A South Carolina family who were under a self-imposed quarantine for two years to protect their 6-year-old daughter who has a rare, debilitating disease, is celebrating the beginning of a clinical trial that will allow them to return to the outside world.
Eliza O’Neill of Columbia, South Carolina, was diagnosed with Sanfilippo syndrome when she was 3 years old, PEOPLE reported. The genetic disorder prevents the body from properly breaking down sugar and causes brain damage, blindness, nerve damage and death.
The family, which includes dad Glenn, mom Cara and 9-year-old brother Beckham, set out to raise $2.5 million through their Cure Sanfilippo Foundation page in order to enroll Eliza in a clinical trial that could stop the disorder from regressing further. The trial does not offer a cure, but could prevent her from dying in her teens.
“It was her only shot,” Glenn told PEOPLE. “We did everything in our power to make it happen.”

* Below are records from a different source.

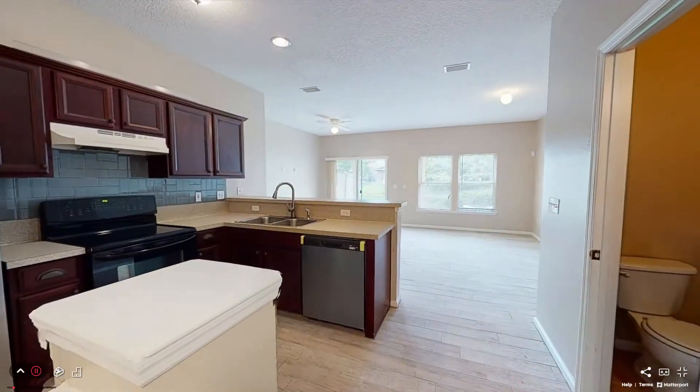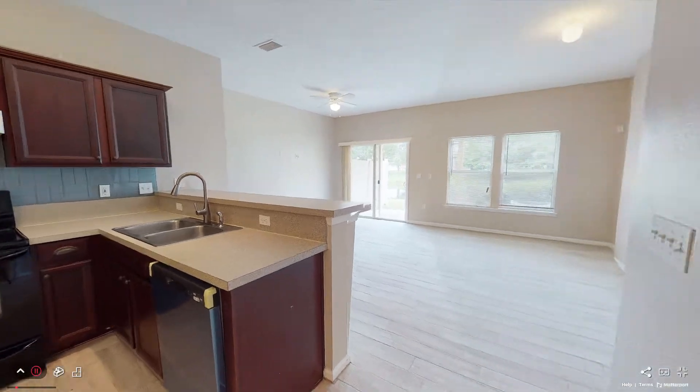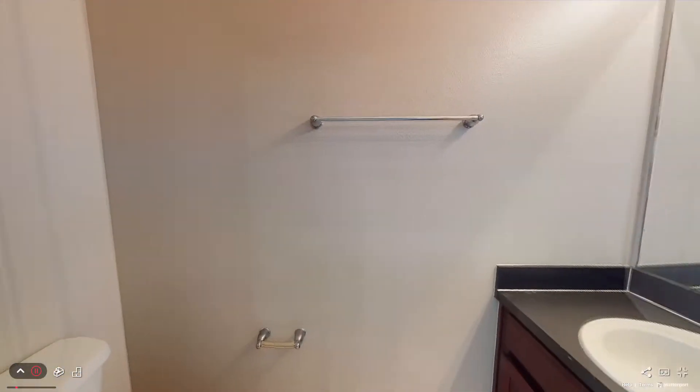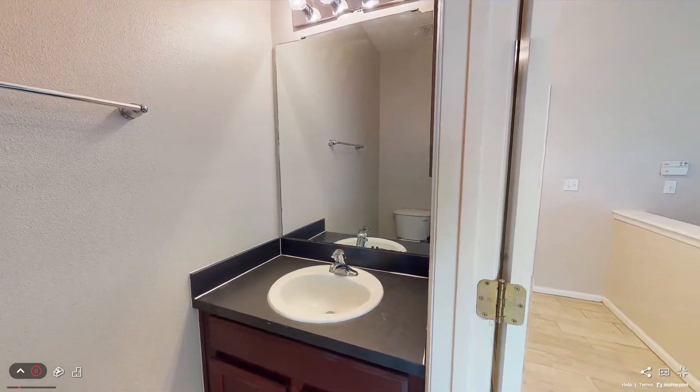This property features over 1,500 square feet of living space. For more information about this property or other great properties like this, please contact Nest Finders Property Management at 565-9040.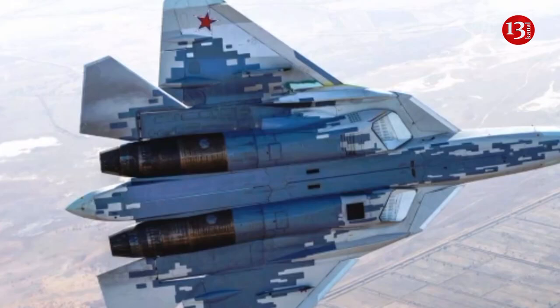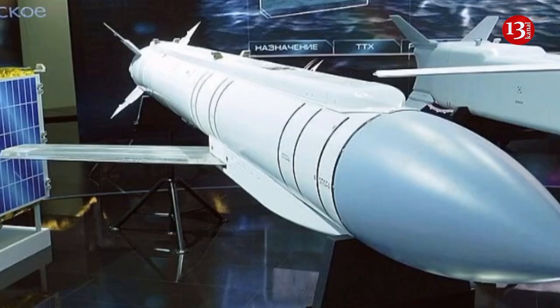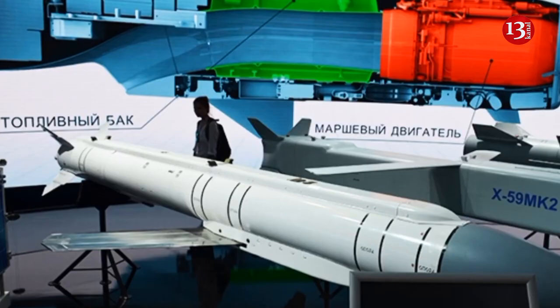The Grom system was developed by the Tactical Missiles Corporation and is part of the armament of combat aircraft such as the MiG-35, Su-34, Su-35, Su-57, and helicopters. The complex was first demonstrated at the International Airshow MAKS 2015.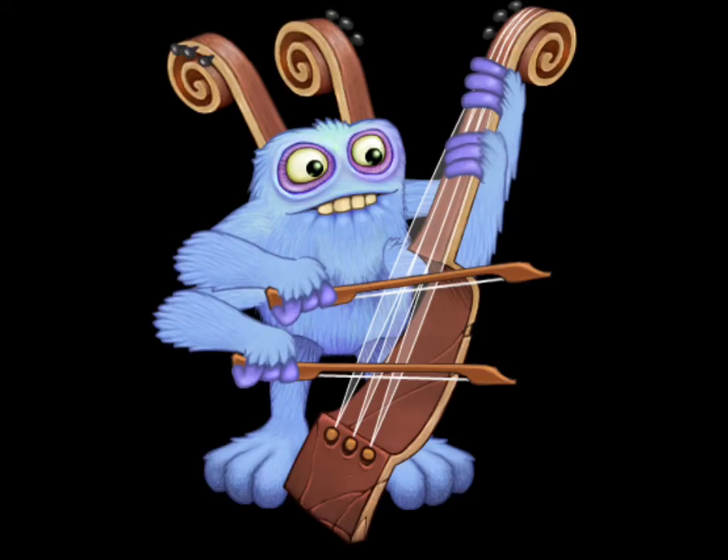Number 8, we got Gugger. Gugger is a very good monster, especially in reality. It plays the cello, which is my favorite.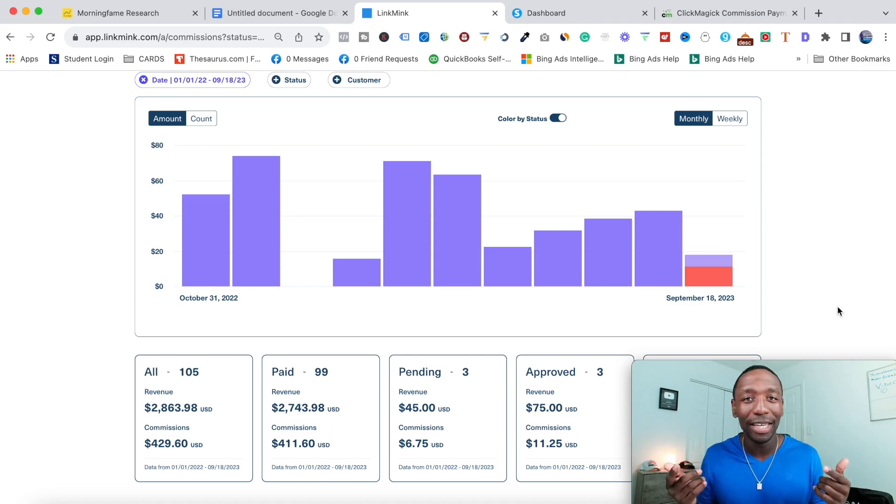This is not one of those videos where they show you results from something completely different and position that as the reason why they made the money. Those type of videos really annoy me, so I don't want to be that type of channel. This channel is all about things that I actually do and actually get results with.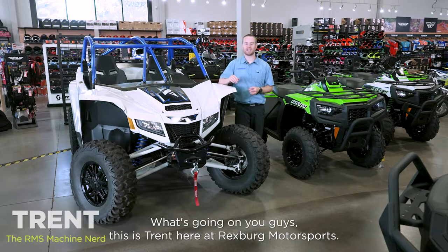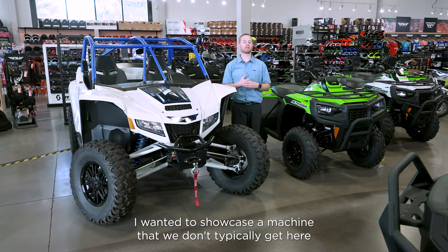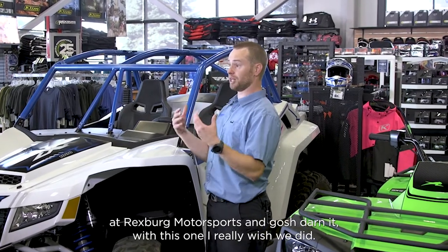What's going on, you guys? This is Trent here at Rexburg Motorsports. I wanted to showcase a machine that we don't typically get here at Rexburg Motorsports, and gosh darn it, with this one, I really wish we did.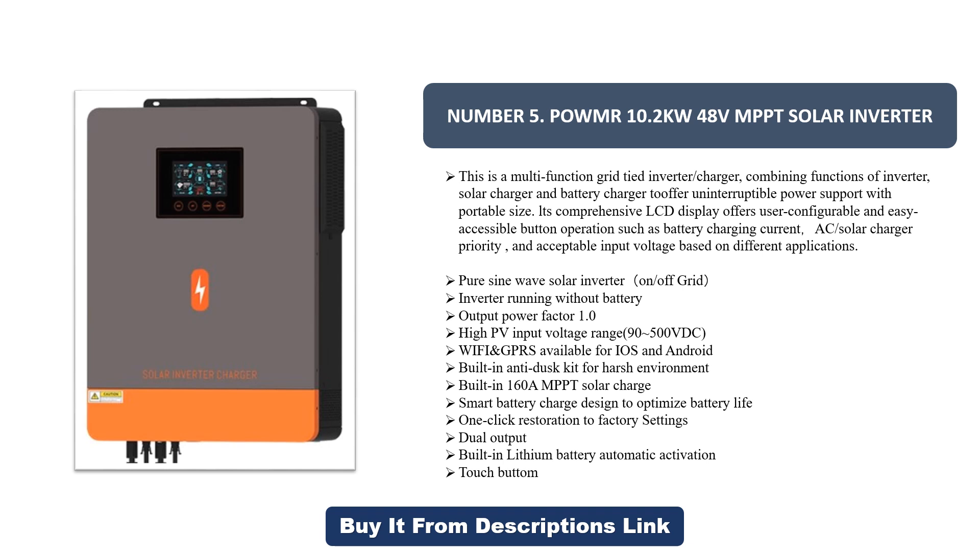Built-in anti-dust kit for harsh environments. Built-in 160A MPPT solar charger. Smart battery charge designed to optimize battery life. One-click restoration to factory settings. Dual output. Built-in lithium battery. Automatic activation. Touch button.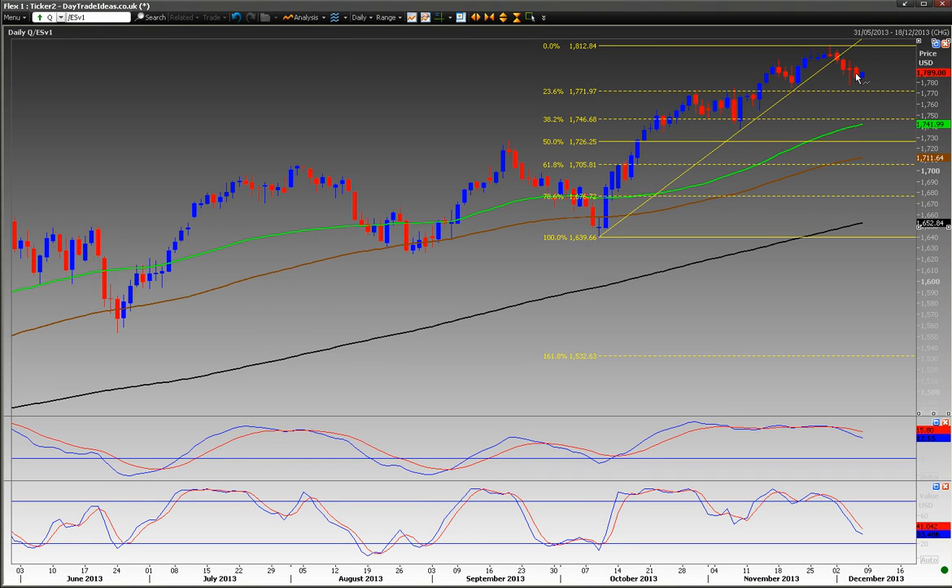We had a video earlier in the week warning that there was some profit taking likely in the stock markets. Looking at the S&P daily chart, we saw a negative candle on the 29th of November and then the break below the trend line, which was further confirmation that we were going to see some weakness follow. And of course we did continue lower.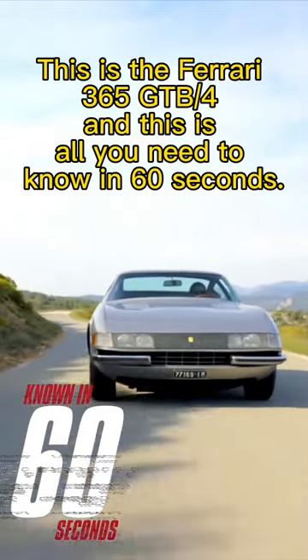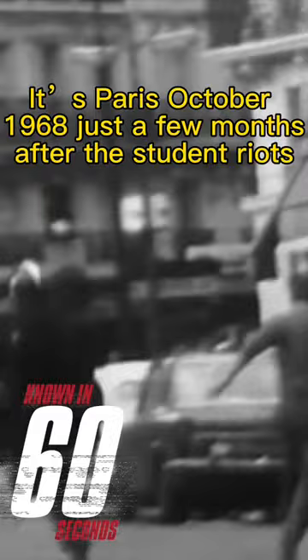This is the Ferrari 365 GTB4, and this is all you need to know in 60 seconds. It's Paris, October 1968, just a few months after the student riots, and at the auto salon, Ferrari is introducing its new front-engine, rear-drive sports coupe.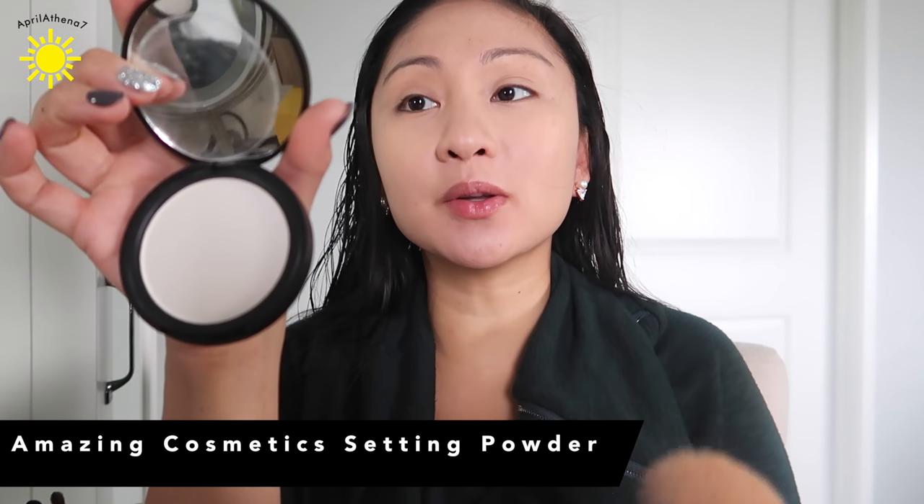So as you can see, this is just the foundation and it looks matte already, but I have oily skin so I'm gonna mattify my face with this setting powder that has no color. It's by Amazing Cosmetics and it's my first time testing it out, so we shall see.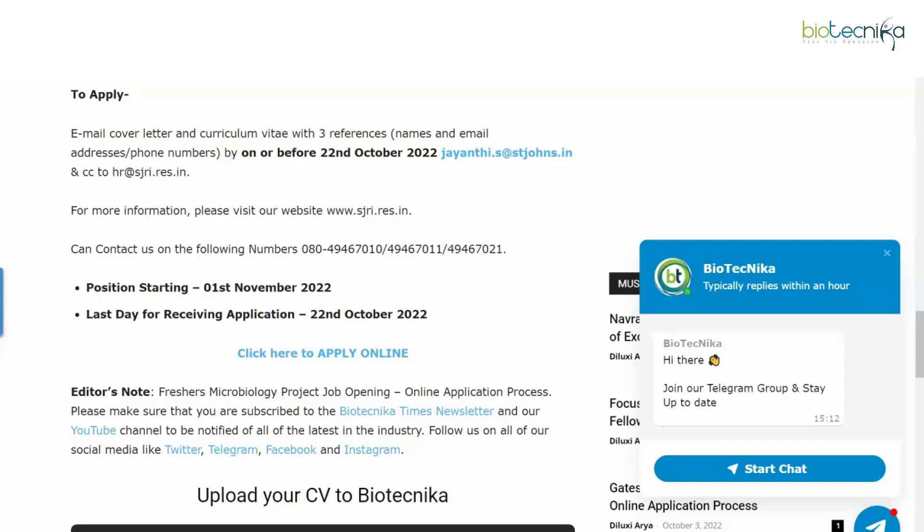Turn on post notifications because a lot of interesting content gets published on our YouTube channel every day — from GATE, CSIR, career advice, motivation, and everything to do with biosciences and life sciences. Do consider turning on post notifications and subscribing to our channel. All the very best, we'll see you in our next one — take care.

Eliza is the first child to receive the treatment, and her parents told PEOPLE that they’ve already seen the light in their daughter’s eyes return.
“The kids who are untreated have feeding tubes because they can’t eat, they get wheelchairs because they can’t walk, they have terrible seizures and they pass away,” Glenn told PEOPLE. “Imagine if none of that stuff happens to my daughter. Imagine if she can relearn the things she’s lost.”
The trial also means that the family can venture back outdoors again, and Beckham can return to school with his classmates. For 726 days, the O’Neills rarely left the house to avoid exposing Eliza to agents that could accelerate her symptoms. Additionally, if she had developed antibodies to a common virus, she would not have been eligible for the trial, PEOPLE reported.
“The decision we made weighs heavily on us, but we see that Beckham has gotten through it and he understands why we’ve done this for his sister,” Glenn told the magazine. “He’s back with his friends and nothing makes us happier than to see that.”